Mir ist dabei bewusst, dass mein Ansatz nicht „Mainstream“ ist, weil ich die zB in der 1997 herausgegebenen Stellungnahme „Mediengesellschaft“ der „Gemeinsamen Texte“ der EKD und der DBK vorgenommenen anthropologischen und sonstigen Prämissen für spekulativ halte. Die Anthropologie hat in jeder Ethik ihren Platz, aber m.E. nicht in ihrer theologischen Begründung. Nichtsdestoweniger treffen insbesondere die in dieser Schrift enthaltenen Prognosen zu. Allerdings geht die aktuelle medientechnische Entwicklung weit darüber hinaus.
Nun in medias res:
1. Ethische Grundlegung
Nur Gott kennt die Wirklichkeit, wie sie wirklich ist. Auch wenn wir die Welt mit unseren Sinnen wahrnehmen, ganz ohne mediale Vermittlung, ist das, was wir erleben, nicht die Wirklichkeit selbst, sondern eine eigene, auf Sinnesreizen basierende, individuelle Konstruktion der Wirklichkeit. Wir „sehen“ das, was wir klar zu erkennen meinen, durch einen dunkeln Zerrspiegel. Erst bei Gott erkennen wir so, wie wir erkannt sind.
Wenn wir die vollkommene Erkenntnis hätten, die wir bei Gott haben werden, bräuchten wir keine Religion, keinen Glauben und keinen Trost, denn wir würden schauen und wissen. Soweit sind wir aber nicht. Wir erleben Leid, Zerstörung und Tod. Oft scheitern unsere Pläne. Wir haben oft Angst. Uns bleibt als Halt nur der Glaube, der durch Zuspruch, Freundlichkeit, Rat und Gemeinschaft – Medien des Heiligen Geistes – gestärkt wird.
Daraus ergibt sich die ethische Grundaufgabe des christlichen Glaubens: Die Menschen zu trösten, sie aufzubauen und sie als Glaubende zu begleiten auf dem Weg, der vom Glauben hin zum Schauen, vom Elend des irdischen Daseins zur Auferstehung führt.
Dieser Trost geschieht essenziell durch die liebevolle Weitergabe der Botschaft von Gottes Liebe, und in besonders kraftvoller Form durch die Sakramente als Zeichen der unbegrenzten Verbundenheit mit Gott.
NB: Dies alles kann weitgehend unabhängig davon geschehen, welches Weltbild oder Bild vom Menschen gerade en vogue ist. Jesus hat niemals jemanden gefragt, welche Weltanschauung er bzw sie besitzt.
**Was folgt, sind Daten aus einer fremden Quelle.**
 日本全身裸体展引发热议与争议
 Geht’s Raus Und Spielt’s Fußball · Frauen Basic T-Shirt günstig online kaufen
2. Welcher Einsatz digitaler Medien ist ok?
Im allgemeinen übertrifft nichts die unvermittelte Weitergabe von Gottes Liebe, welche sich in der persönlichen Begegnung ereignet.
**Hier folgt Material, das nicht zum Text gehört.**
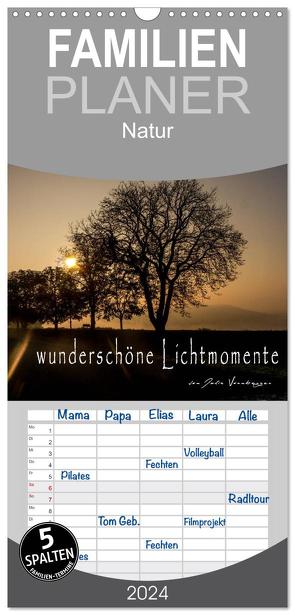 Familienplaner 2024 – wunderschöne Lichtmomente mit 5 Spalten (Wandkalender, 21 x 45 cm) CALVENDO von Vornberger,  Julia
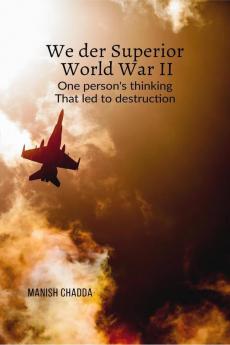 We Der Superior- World War II : One person's thinking that led to destruction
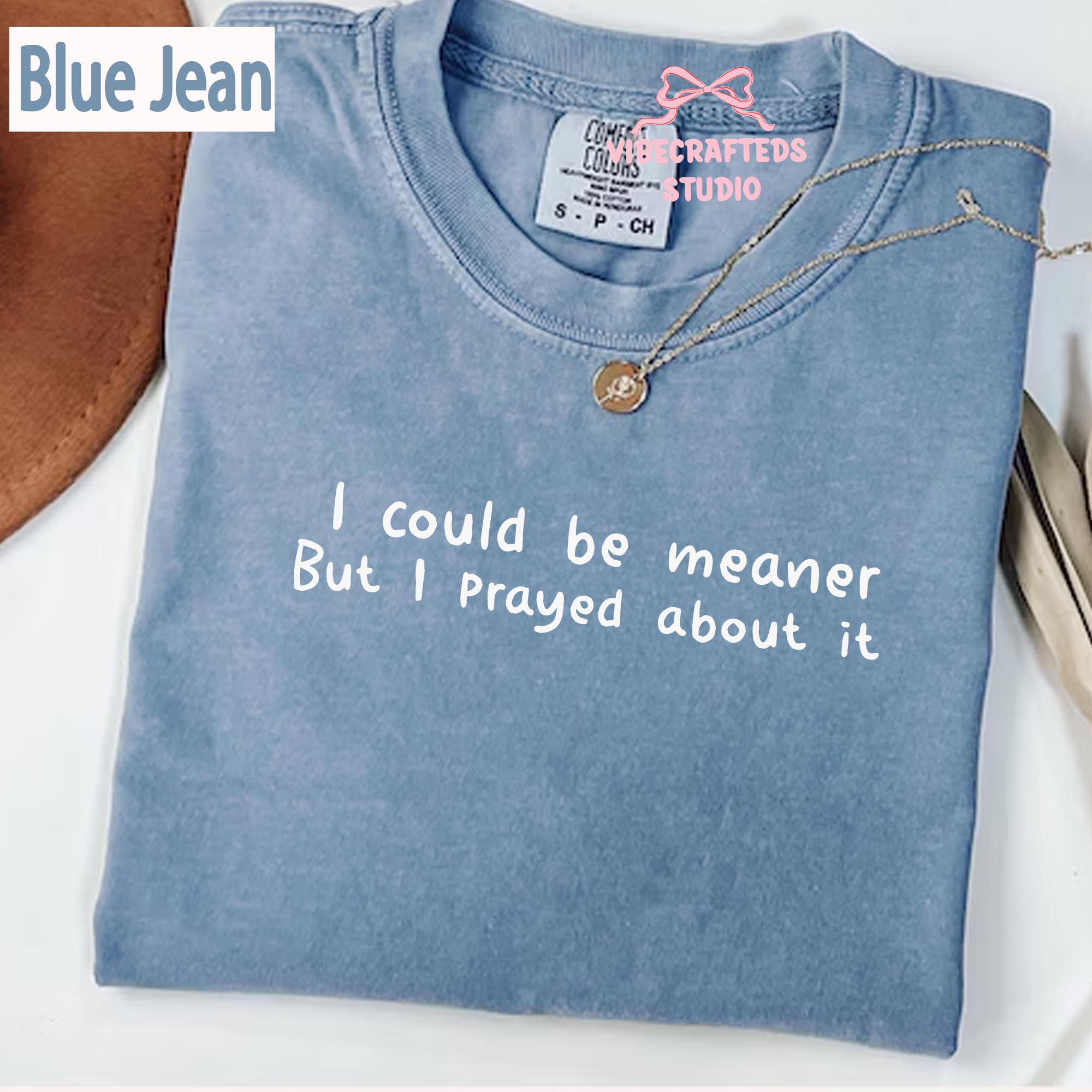 Could Meaner Prayed Christian Comfort Colors Tee Faith Humor Christian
Allerdings bediente sich die Christenheit schon früh vermittelter Kommunikationsmöglichkeiten (Medien), welche eine größere Breitenwirkung erzielten: Lieder, Briefe, vervielfältigte Schriften; später Bücher, Grafiken und Bilder. Dabei entstanden zT Werke von epochemachener Wirkung und enormer, nachhaltiger Kraft.
Nicht immer wurden diese als Werkzeug zur Weitergabe der Botschaft von Gottes Liebe eingesetzt. Der Medienmissbrauch begann schon in den ersten beiden Jahrhunderten mit dem Verfassen von unechten apostolischen Schriften zum Zweck der Durchsetzung bestimmter Lehrmeinungen. Später kamen demagogische und diskriminierende Schriften oder Karikaturen hinzu.
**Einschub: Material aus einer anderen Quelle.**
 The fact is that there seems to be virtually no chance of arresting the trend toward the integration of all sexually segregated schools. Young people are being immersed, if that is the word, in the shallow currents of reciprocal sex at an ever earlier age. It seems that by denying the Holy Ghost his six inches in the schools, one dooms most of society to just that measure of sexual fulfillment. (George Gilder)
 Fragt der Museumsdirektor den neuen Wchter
Nichtsdestoweniger haben Apologien und Abgrenzungsschriften ihren Platz. Zur Weitergabe von Gottes Liebe gehört es, Abwege kenntlich zu machen, die zu nichts führen. Leicht kann es glaubenden Medienproduzenten geschehen, dass sie dabei über das Ziel hinausschießen und der Sache Gottes schaden.
Die Grundfrage bei jeglicher Medienerstellung lautet:
Ist dieses Medium geeignet, zu trösten, Rat zu geben, Liebe und Gemeinschaft zu stärken, ein Leben im Heiligen Geist voranzubringen?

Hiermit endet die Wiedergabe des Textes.